» **Data supplied**
....................
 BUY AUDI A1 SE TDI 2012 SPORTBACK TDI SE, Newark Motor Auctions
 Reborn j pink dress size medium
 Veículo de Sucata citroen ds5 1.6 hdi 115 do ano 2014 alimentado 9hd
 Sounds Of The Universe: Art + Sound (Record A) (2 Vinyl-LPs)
....................
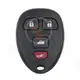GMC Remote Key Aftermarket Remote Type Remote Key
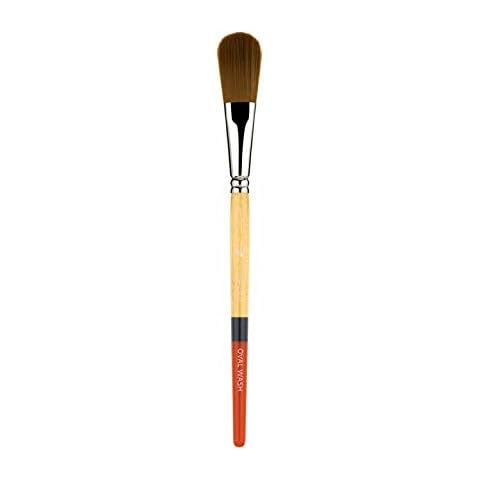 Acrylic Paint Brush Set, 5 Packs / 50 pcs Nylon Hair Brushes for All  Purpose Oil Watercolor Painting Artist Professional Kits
....................
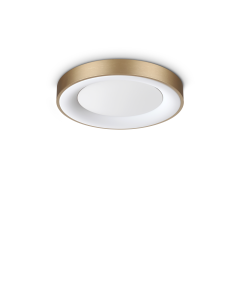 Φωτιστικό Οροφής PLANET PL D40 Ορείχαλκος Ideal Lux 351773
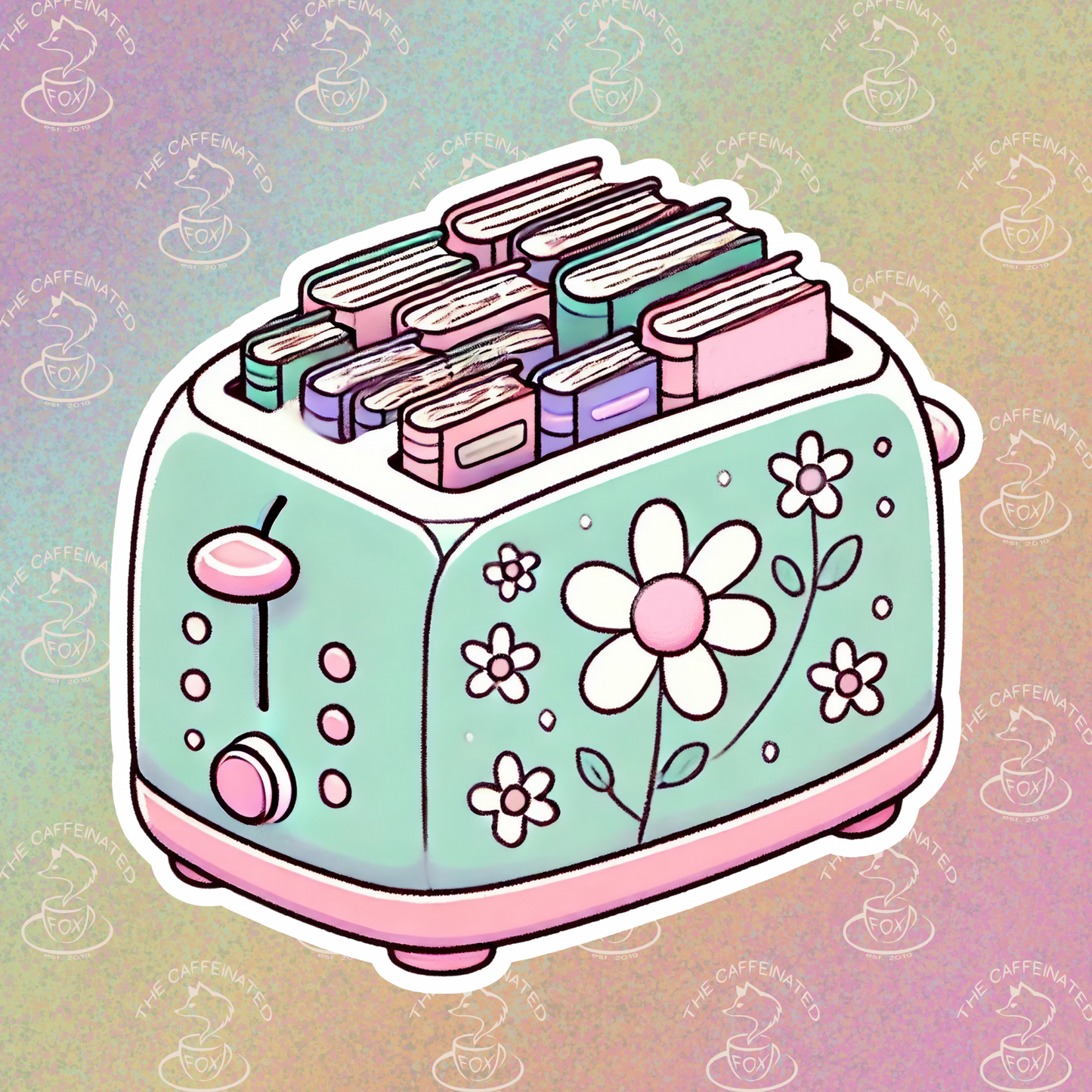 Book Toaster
....................
Exactly the lines starting at the one above with "GMC Remote Key" and ending at the one with "Acrylic Paint Brush" should be printed, and nothing else. Omit the pictures.

GMC Remote Key Aftermarket Remote Type Remote Key
 Acrylic Paint Brush Set, 5 Packs / 50 pcs Nylon Hair Brushes for All  Purpose Oil Watercolor Painting Artist Professional Kits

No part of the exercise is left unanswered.